Return exactly those lines of the material below that fall between the line holding "Sevilla e Independiente" and the line holding "Read O Melhor", inclusive.

** Opening Working data block **

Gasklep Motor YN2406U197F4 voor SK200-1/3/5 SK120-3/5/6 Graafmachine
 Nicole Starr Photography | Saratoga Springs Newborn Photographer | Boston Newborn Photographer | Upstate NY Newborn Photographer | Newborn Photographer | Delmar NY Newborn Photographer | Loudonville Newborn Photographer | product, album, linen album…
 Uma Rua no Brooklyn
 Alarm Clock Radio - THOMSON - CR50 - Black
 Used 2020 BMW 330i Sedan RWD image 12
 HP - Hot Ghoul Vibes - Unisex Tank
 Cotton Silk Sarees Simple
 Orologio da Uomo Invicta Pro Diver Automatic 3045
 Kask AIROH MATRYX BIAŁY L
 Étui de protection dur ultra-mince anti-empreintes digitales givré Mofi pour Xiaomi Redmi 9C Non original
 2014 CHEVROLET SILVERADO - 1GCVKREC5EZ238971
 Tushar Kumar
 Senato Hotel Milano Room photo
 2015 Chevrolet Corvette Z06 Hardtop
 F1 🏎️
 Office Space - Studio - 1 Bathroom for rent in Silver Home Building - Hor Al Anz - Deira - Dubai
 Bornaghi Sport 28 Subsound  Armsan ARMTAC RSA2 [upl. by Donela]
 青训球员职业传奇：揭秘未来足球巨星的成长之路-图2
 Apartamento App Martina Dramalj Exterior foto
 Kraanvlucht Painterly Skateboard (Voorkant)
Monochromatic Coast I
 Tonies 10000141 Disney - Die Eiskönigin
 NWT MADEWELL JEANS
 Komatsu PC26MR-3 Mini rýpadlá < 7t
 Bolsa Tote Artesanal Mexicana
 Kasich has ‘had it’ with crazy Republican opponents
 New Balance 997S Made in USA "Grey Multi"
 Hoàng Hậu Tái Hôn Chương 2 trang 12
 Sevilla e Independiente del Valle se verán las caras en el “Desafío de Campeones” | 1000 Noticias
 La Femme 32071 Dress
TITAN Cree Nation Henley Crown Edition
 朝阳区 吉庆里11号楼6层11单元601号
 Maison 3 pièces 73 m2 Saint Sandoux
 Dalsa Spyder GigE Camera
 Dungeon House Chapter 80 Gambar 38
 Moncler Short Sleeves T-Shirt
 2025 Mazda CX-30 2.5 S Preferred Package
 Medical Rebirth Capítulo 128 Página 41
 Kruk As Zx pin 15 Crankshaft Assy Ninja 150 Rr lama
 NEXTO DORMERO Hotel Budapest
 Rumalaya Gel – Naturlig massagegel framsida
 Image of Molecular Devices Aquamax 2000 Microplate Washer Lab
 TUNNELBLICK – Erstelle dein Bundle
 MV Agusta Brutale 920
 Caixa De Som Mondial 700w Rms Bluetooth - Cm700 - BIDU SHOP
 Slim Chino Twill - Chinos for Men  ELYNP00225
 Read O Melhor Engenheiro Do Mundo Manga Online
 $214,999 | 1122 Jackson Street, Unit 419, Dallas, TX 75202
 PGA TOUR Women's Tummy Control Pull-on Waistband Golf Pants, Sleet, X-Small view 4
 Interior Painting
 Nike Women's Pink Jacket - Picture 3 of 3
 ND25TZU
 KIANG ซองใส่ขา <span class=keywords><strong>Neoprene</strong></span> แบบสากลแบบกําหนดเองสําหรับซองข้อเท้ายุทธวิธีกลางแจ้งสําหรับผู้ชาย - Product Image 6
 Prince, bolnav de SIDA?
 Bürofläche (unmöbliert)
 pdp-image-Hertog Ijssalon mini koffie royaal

** Closing Working data block **

--- Exercise answer ---
 Sevilla e Independiente del Valle se verán las caras en el “Desafío de Campeones” | 1000 Noticias
 La Femme 32071 Dress
TITAN Cree Nation Henley Crown Edition
 朝阳区 吉庆里11号楼6层11单元601号
 Maison 3 pièces 73 m2 Saint Sandoux
 Dalsa Spyder GigE Camera
 Dungeon House Chapter 80 Gambar 38
 Moncler Short Sleeves T-Shirt
 2025 Mazda CX-30 2.5 S Preferred Package
 Medical Rebirth Capítulo 128 Página 41
 Kruk As Zx pin 15 Crankshaft Assy Ninja 150 Rr lama
 NEXTO DORMERO Hotel Budapest
 Rumalaya Gel – Naturlig massagegel framsida
 Image of Molecular Devices Aquamax 2000 Microplate Washer Lab
 TUNNELBLICK – Erstelle dein Bundle
 MV Agusta Brutale 920
 Caixa De Som Mondial 700w Rms Bluetooth - Cm700 - BIDU SHOP
 Slim Chino Twill - Chinos for Men  ELYNP00225
 Read O Melhor Engenheiro Do Mundo Manga Online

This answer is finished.